Het wetsvoorstel ‘Werken waar je wilt’ is op 26 september 2023 verworpen door de Eerste Kamer en dit roept veel vragen op in de praktijk. Vandaar dat we deze Q&A over dit onderwerp hebben opgesteld. Mochten er nog verdere vragen zijn, kunt u vanzelfsprekend contact opnemen met Ilaha Muhseni uit ons arbeidsrechtteam.

  1. Q: Zal het wetsvoorstel inwerking treden?
    A: Nee. De Eerste Kamer heeft op 26 september 2023 het wetsvoorstel verworpen. Doorgaans laat de regering het daar dan bij. Maar een minister of staatssecretaris kan ook besluiten een nieuw wetsvoorstel te maken. Of dat ook bij dit onderwerp het geval zal zijn, moet dus nog blijken.

  2. Q: Wat regelde het wetsvoorstel?
    A: Het wetsvoorstel zou de huidige Wet flexibel werken wijzigen, als gevolg waarvan het verzoek van de werknemer om aanpassing van de arbeidsplaats op dezelfde manier zou dienen te worden behandeld als een verzoek tot aanpassing van de werktijd of arbeidsduur.

  3. Q: Zou het wetsvoorstel in een daadwerkelijk recht op werken waar je wilt voorzien?
    A: Nee. Op grond van het wetsvoorstel zou de werknemer slechts een verzoek om aanpassing van de arbeidsplaats kunnen doen. Daarbij kon de werknemer alleen kiezen tussen (meer) werken vanaf het adres dat bij de werkgever staat geregistreerd als woonadres van de werknemer, of (meer) werken vanaf de werklocatie van de werkgever.

  4. Q: Zou er op de werkgever op grond van het wetsvoorstel de verplichting rusten om in te stemmen met het verzoek van de werknemer om aanpassing van de arbeidsplaats?
    A: Nee. Op grond van het wetsvoorstel zou de werkgever wel overleg dienen te plegen met de werknemer over het thuiswerkverzoek en minimaal één maand voor de beoogde ingangsdatum van het verzoek schriftelijk te reageren op het thuiswerkverzoek. Indien de werkgever niet binnen deze termijn zou beslissen, zou het verzoek van de werknemer automatisch worden ingewilligd. Overigens kon werkgever het verzoek van de werknemer alleen afwijzen, wanneer er sprake zou zijn van zwaarwegende bedrijfs-of dienstbelangen en de werkgever zou dit ook aan de werknemer dienen te motiveren.

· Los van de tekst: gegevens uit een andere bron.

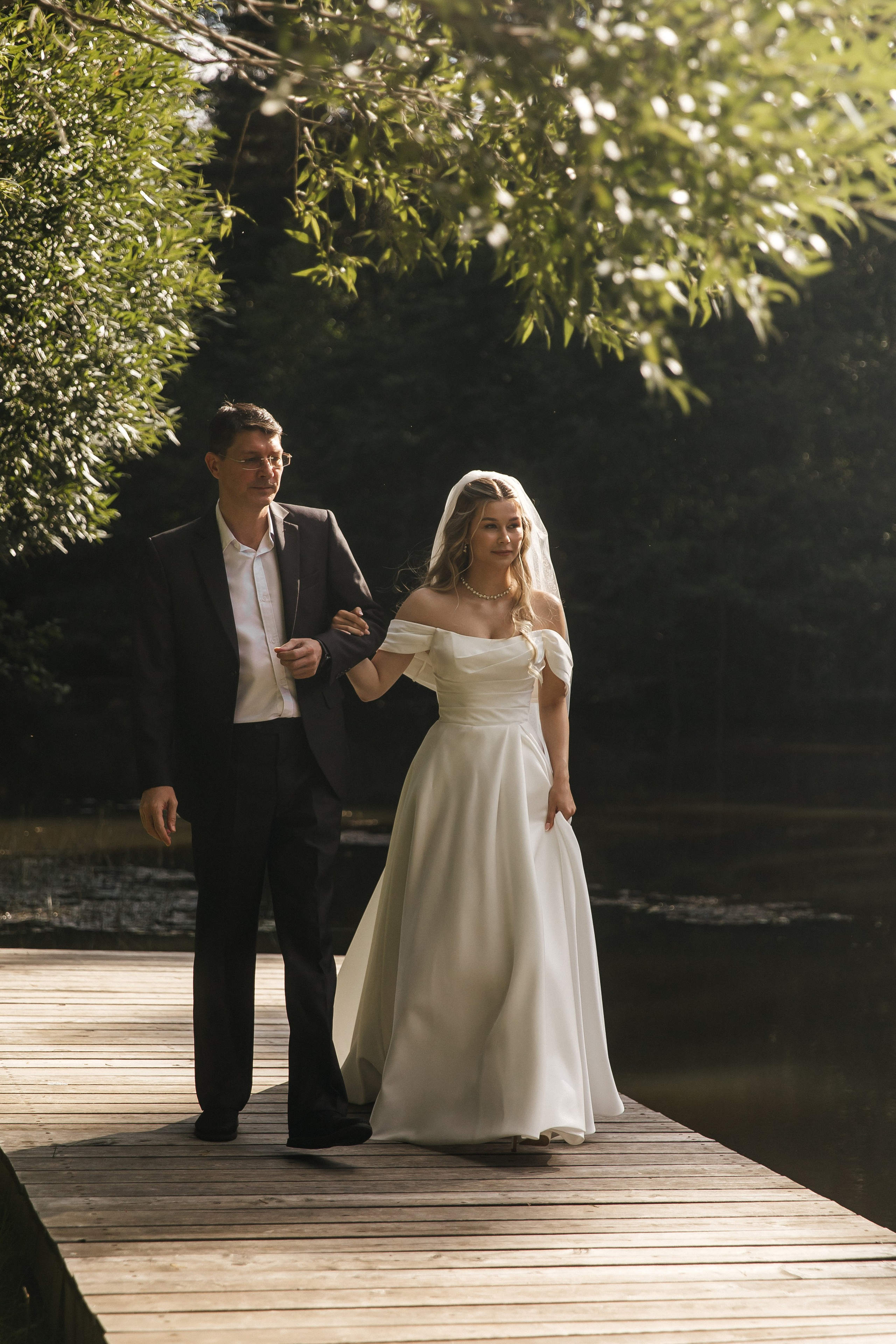 ANNA & GRIGORIY. Свадебный фотограф | Екатеринбург | Сочи | Артем Шестаков
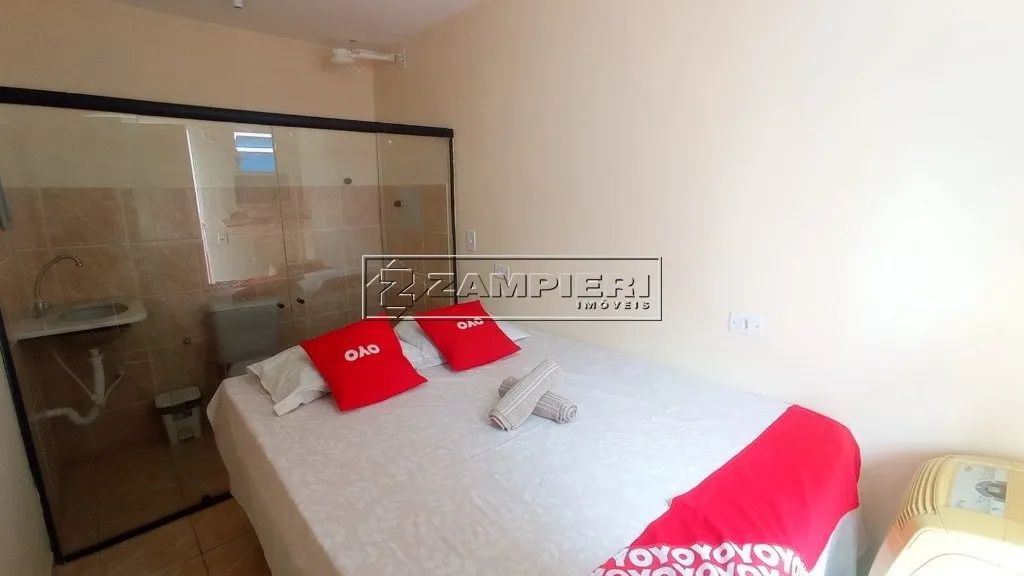 Ponto comercial para alugar na Pajuçara, Maceió - AL - Foto 3
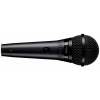 Shure PGA58-XLR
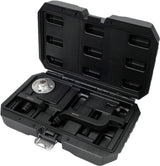 VW WATER PUMP REMOVAL TOOL SET (YT-05390)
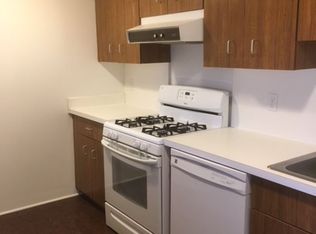 141 Fulton Ave #CVT-112, Poughkeepsie, NY 12603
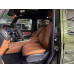 Mercedes-Benz G-CLASS G 63 AMG Facelift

  5. Q: Wat is het gevolg nu het wetsvoorstel is verworpen door de Eerst Kamer?
    A: De positie van de werknemer bij het indienen van een thuiswerkverzoek wordt niet verder versterkt.

  6. Q: Heeft de werknemer andere mogelijkheden om een thuiswerkverzoek in te dienen?
    A: Ja. Op basis van de huidige Wet flexibel werken kan de werknemer die minimaal 26 weken in dienst is bij een bedrijf van minimaal 10 medewerkers, een schriftelijk verzoek tot wijziging van zijn arbeidsplaats doen. De werkgever dient een dergelijk verzoek slechts in overweging te nemen en bij afwijzing van het verzoek over te plegen met de werknemer. Er rust dus op de werkgever geen ‘verzwaarde’ motiveringsplicht bij het afwijzen van een dergelijk verzoek, zoals was voorgesteld in het wetsvoorstel dat is afgewezen. De werkgever dient overigens op grond van de huidige Wet flexibel werken uiterlijk 1 maand voor de gewenste ingangsdatum schriftelijk te reageren op een dergelijk thuiswerkverzoek van de werknemer. Gebeurt dit niet, dan wordt het verzoek van de werknemer automatisch ingewilligd. Als het thuiswerkverzoek van de werknemer is goedgekeurd dan wel geweigerd, kan de werknemer overigens in beginsel pas na 1 jaar een nieuw verzoek indienen.